[Short descriptive text snippets]
····················

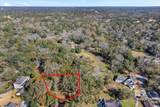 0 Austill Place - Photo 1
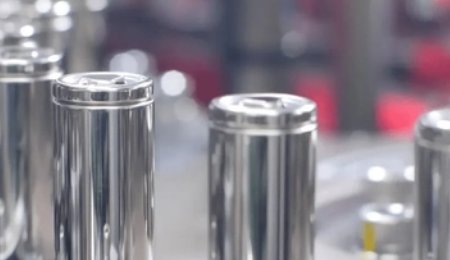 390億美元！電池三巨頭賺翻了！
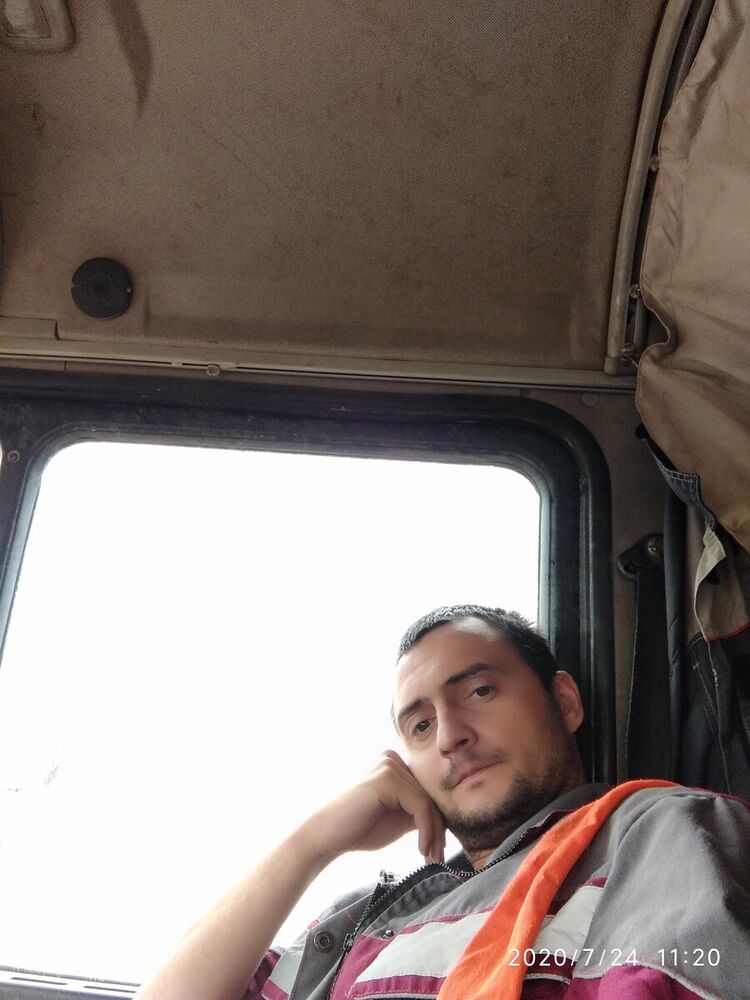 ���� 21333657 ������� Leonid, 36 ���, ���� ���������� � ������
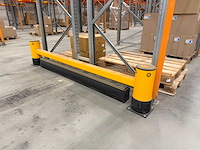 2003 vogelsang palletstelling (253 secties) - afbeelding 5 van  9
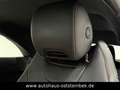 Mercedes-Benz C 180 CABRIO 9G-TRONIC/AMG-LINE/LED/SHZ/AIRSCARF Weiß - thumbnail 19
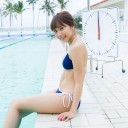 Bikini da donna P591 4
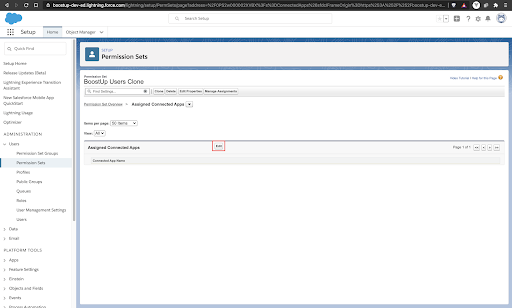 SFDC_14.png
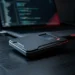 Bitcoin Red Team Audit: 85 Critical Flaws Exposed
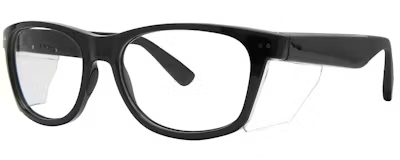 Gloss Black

····················

Give back the data exactly. Pictures stay out.

 0 Austill Place - Photo 1
 390億美元！電池三巨頭賺翻了！
 ���� 21333657 ������� Leonid, 36 ���, ���� ���������� � ������
 2003 vogelsang palletstelling (253 secties) - afbeelding 5 van  9
 Mercedes-Benz C 180 CABRIO 9G-TRONIC/AMG-LINE/LED/SHZ/AIRSCARF Weiß - thumbnail 19
 Bikini da donna P591 4
 SFDC_14.png
 Bitcoin Red Team Audit: 85 Critical Flaws Exposed
 Gloss Black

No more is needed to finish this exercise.